Heinsohn leaves only 230 years in three parallel groups (1-230s, 290s-520s and 700s-930s) in the first millennium AD, all the rest, and that is a total of 700 years, he cuts out as unreal. One asks oneself immediately: Who should have inserted those redundant 700 years in historiography? Leopold Ranke? Or Seth Calvisius? Or Regino of Prüm? And why should he have done so?
A struggle has begun: Gunnar Heinsohn with his incorruptible search for truth against the wanton inventors of centuries that never occurred.
The invention is represented by a well-informed advocate: Trevor Palmer, who published in the last four issues of the journal SIS Chronology and Catastrophism Review (2015, 3 to 2016, 1-3) under the heading "The Writings of the Historians of the Roman and Early Medieval Periods and their Relevance to the Chronology of the First Millennium AD“ the complete proof that no support for the theory of Heinsohn is possible because the entire period is filled with written and consistent evidence. All the emperors from Caesar's time to that of the Frank bishop Gregory of Tours are watertight. It should be added that with this method the following emperors and popes are even better defended because the network of written documents grows ever stronger, the closer one comes to modern times.
However, it is becoming clear that the traditional sequence of emperors which is undoubted by modern historians, bears witness to a lucid spirit. The accuracy with which the data of governing of the emperors and their meaningful sequence are passed on by historiography is ingenious, to say the least. The dates are almost exactly accurate; differences in the individual narratives amount to just one to three years, which can usually be explained with the different beginnings of the year. It must have been a genius of immeasurable knowledge of all classical literature, a rogue or demagogue or pope whose machination no one has yet discovered. Gunnar Heinsohn has now at least revealed that this conceptual framework of thought cannot be found in the soil and has no correspondence to archaeological findings, indeed that it has become vulnerable by modern archaeological work, and must be refuted.
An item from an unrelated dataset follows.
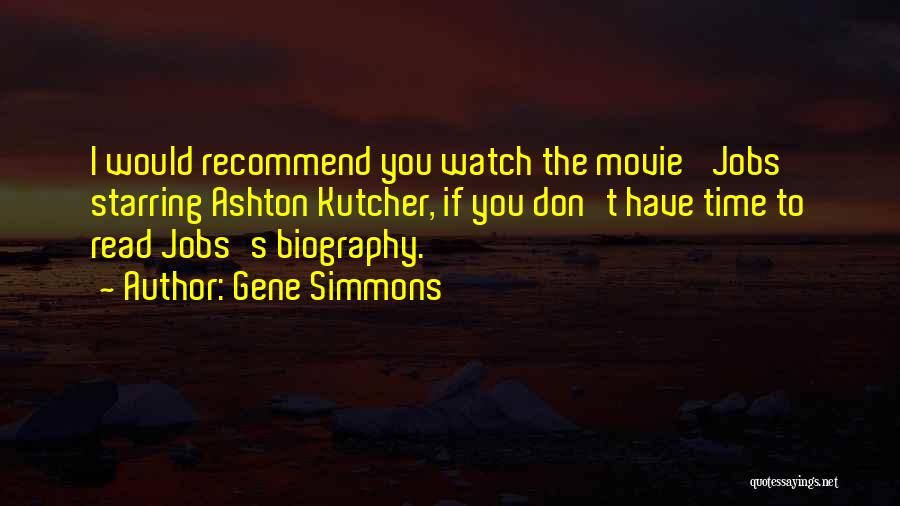 Gene Simmons Quotes: I Would Recommend You Watch The Movie 'jobs' Starring Ashton Kutcher, If You Don't Have Time To Read Jobs's Biography.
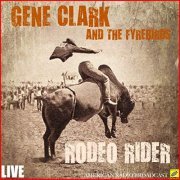 Gene Clark & The Fyrebirds - Rodeo Rider (Live) (2019)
As a defender of Gunnar Heinsohn one could cite Uwe Topper, who has been sweeping seven centuries between Caesar and Trithemius (1500), albeit with a completely different method, namely using calendar and star observations, by which the emperors from Augustus to Charles IV loose their reality. From now on they belong to the novel of the historians, which does not mean eo ipso that everything that is reported about them was invented. It's mainly the timetable that is made up.
Heinsohn's method is different from Topper's. Heinsohn wants to retain individual packages of the academic chronology and delete others due to the lack of archaeological testimony. Here lies a problem: the chronology stems from the writings of modern historians, the earthen layers, however, are archaeologically (= scientifically) dug out. There is no logical connection between the two employed methods. Over and over again, Topper demands that archaeologists should finally develop their own historical structure, especially a chronology based on their findings. An orientation on literary specifications (as is the practice so far) is unscientific. Since the traditional chronology was made up quite randomly backwards since the Renaissance, it is equally arbitrary to recognize or reject parts of it.
Now once again Toppers thesis briefly summarized: The period between the Last Great Jerk of the globe (650 years ago) and the jerk that occurred before it (obvious by Caesar's calendar reform) is now estimated at about 1,400 years, but according to astronomical records it is only half as long : about 700 years.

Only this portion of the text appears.